Author comments upon resubmission
We divide the referees’ concerns and suggestions into two categories: “major” will denote concerns requiring additional nontrivial content in the paper, while “minor” will refer to content questions or small changes in the manuscript. The concerns we regard as major are the following
1. S.A.J.’s request for an estimate of conductivity,
2. S.A.J.’s request for more information on the relation of the fully-quantum picture to the geodesic flow
3. The request by referee 2 to discuss the applicability of our results and methods to important spacetime metrics in cosmology.
We first respond to these major concerns:
1. Quoting S.A.J.:
"The eventual goal of any mathematical modeling is to compute a measurable quantity. The (null) geodesics studied in this paper are not directly measurable. A simple estimate of conductivity and the role of attractors and collimator singularities in conductivity is missing."

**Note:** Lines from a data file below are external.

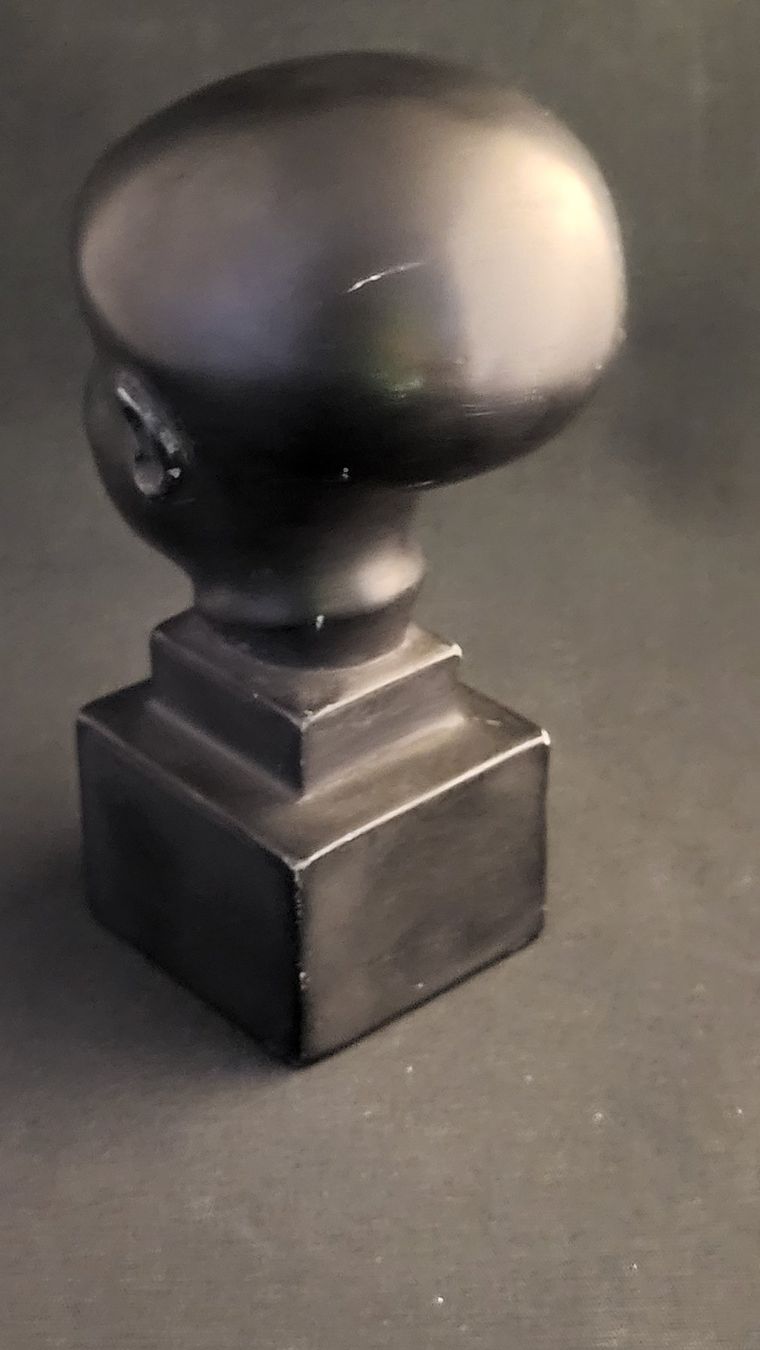 Statuette: Kopf auf Sockel – Usato da Basel venduto da spinne02 4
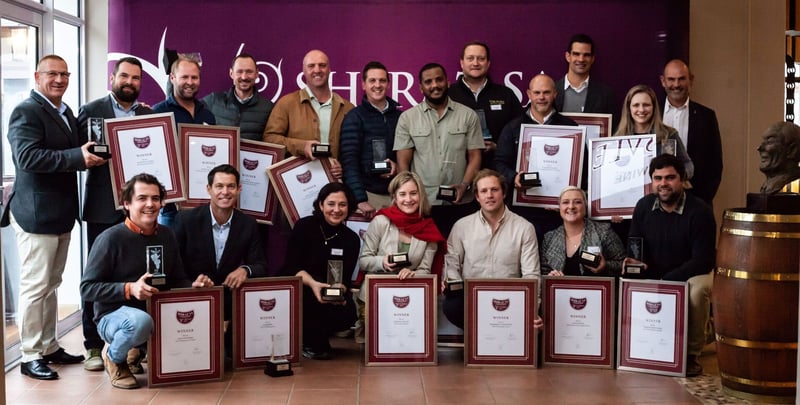 Veterans and Newcomers excel in Shiraz SA Challenge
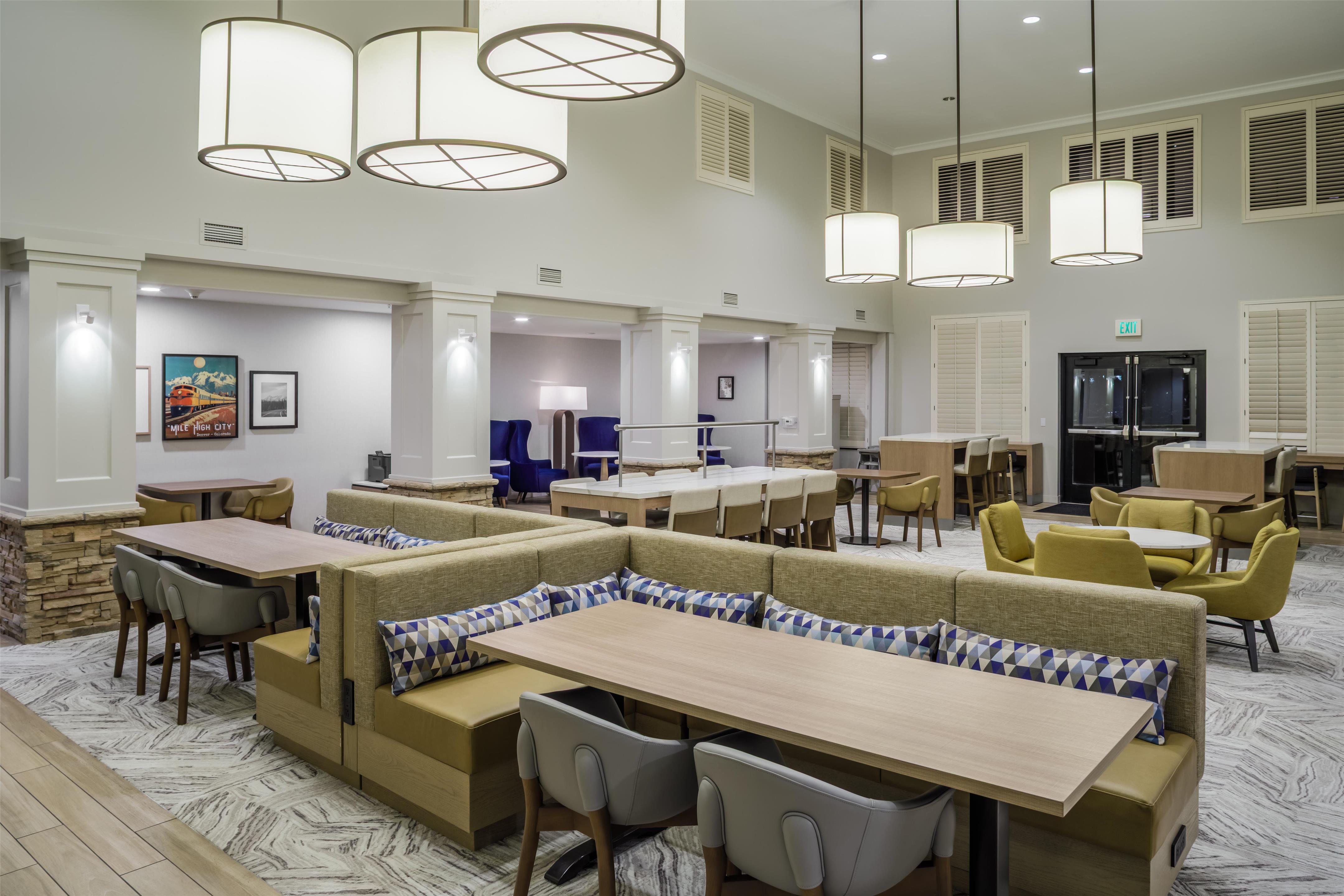 Restaurant | Homewood Suites by Hilton Denver Tech Center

"What is missing in this paper, is the implications of collimination and absorption of geodesics in transport properteis? What can be implied e.g. about the conductivity tensor for the nematic and isotropic singularities?"
We agree that the eventual computation of a measurable quantity (e.g., conductivity) is the ultimate goal and a numerical treatment of diffusion exponents and effects of QGD on conductivity remain a future research goal. Indeed, early numerical results show that weak QGD give diffusive behavior of geodesics, with average distance from the origin scaling as the square root of time, as expected. We hope to determine the effects of singularity proliferation on this as QGD disorder strength is enhanced to O(1); however, accurately extracting the effects of the singularities has turned out to be a surprisingly non-trivial technical issue due to a certain unexpected phenomena where geodesics can become trapped in extremely high-frequency meta-stable orbits. Treating these correctly seems to require an extremely small time-step. Over the time scales needed to extract the asymptotic diffusive character of QGD, these trajectories cannot be ignored. Further, throwing these trajectories out would ignore important data on the true effects of singularities on diffusion of geodesics. While we hope to overcome this issue in the future, the difficulties we encountered here have led us to publish this first work focusing on the interesting elementary geometric effects of the singularities and geodesics, without a heavy discussion of numerical simulation results.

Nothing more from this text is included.